→ **Activity**
Could you return the lines below exactly, from the first line up to and including the line that holds "น้ำตาลทางด่วน 1 ลิตร"?
*** The records
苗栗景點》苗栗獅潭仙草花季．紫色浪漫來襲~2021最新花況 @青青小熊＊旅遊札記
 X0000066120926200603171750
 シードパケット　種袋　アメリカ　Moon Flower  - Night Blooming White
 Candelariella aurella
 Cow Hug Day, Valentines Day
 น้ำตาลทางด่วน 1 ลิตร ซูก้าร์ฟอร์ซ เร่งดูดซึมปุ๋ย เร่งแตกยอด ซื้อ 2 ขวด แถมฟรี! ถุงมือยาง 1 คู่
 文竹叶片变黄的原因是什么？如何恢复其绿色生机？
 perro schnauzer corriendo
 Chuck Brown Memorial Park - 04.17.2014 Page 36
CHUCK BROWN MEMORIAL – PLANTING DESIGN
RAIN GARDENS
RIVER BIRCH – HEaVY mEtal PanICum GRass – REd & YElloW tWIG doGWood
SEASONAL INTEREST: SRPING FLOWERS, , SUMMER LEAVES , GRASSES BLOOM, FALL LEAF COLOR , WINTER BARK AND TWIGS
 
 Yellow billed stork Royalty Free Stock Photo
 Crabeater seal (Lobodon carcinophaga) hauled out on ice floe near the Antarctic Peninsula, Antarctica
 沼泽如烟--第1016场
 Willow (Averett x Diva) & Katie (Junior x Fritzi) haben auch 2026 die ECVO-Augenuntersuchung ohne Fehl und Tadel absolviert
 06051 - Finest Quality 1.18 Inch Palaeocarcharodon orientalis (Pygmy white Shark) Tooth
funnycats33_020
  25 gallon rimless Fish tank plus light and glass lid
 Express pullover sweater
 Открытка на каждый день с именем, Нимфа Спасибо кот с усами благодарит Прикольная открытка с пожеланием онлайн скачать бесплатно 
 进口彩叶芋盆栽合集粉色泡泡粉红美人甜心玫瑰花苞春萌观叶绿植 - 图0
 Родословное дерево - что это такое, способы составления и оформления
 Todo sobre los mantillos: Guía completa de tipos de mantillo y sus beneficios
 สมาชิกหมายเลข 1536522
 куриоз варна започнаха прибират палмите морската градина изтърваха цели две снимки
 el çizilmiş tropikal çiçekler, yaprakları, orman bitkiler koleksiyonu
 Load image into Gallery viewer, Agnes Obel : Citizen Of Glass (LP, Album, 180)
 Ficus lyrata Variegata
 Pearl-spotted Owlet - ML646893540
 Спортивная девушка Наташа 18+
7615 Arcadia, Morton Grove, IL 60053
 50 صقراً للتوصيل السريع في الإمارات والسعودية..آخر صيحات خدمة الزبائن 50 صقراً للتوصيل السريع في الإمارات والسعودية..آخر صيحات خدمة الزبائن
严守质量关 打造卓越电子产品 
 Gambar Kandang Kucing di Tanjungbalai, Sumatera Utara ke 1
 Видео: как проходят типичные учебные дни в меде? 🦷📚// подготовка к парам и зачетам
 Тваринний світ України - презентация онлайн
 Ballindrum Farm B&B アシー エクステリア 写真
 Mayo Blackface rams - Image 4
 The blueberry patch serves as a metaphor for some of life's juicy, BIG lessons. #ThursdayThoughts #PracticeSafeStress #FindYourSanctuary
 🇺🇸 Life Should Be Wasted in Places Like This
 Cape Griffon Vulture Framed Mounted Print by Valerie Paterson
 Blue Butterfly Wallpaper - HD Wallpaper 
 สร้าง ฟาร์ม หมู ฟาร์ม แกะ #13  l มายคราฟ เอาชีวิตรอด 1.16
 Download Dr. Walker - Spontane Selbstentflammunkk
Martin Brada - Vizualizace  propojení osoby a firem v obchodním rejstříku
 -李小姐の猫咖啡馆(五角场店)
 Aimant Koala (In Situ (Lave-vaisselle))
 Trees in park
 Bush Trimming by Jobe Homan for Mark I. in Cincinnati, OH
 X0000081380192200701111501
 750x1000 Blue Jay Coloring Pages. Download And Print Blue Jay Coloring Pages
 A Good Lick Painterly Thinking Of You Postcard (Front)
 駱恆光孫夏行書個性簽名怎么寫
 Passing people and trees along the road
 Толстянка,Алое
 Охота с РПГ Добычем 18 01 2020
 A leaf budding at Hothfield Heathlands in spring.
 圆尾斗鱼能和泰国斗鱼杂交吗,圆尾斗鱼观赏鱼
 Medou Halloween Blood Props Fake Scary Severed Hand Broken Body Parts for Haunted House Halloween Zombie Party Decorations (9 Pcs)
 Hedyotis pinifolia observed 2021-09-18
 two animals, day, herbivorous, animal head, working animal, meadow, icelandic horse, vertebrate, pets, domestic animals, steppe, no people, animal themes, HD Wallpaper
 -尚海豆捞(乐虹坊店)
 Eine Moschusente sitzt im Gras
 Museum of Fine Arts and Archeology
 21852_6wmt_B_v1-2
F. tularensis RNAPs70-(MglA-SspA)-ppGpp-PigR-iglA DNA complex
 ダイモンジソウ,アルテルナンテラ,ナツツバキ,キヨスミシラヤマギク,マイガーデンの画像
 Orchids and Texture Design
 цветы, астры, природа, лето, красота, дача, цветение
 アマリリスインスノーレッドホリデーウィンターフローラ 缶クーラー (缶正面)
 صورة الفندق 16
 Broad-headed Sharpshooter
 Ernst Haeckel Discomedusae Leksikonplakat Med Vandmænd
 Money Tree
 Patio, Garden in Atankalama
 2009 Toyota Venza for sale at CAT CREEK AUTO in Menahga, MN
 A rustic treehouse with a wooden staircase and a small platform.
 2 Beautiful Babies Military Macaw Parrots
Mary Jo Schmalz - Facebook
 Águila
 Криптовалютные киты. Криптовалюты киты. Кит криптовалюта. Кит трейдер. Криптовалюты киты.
******
→ **Expected answer**
苗栗景點》苗栗獅潭仙草花季．紫色浪漫來襲~2021最新花況 @青青小熊＊旅遊札記
 X0000066120926200603171750
 シードパケット　種袋　アメリカ　Moon Flower  - Night Blooming White
 Candelariella aurella
 Cow Hug Day, Valentines Day
 น้ำตาลทางด่วน 1 ลิตร ซูก้าร์ฟอร์ซ เร่งดูดซึมปุ๋ย เร่งแตกยอด ซื้อ 2 ขวด แถมฟรี! ถุงมือยาง 1 คู่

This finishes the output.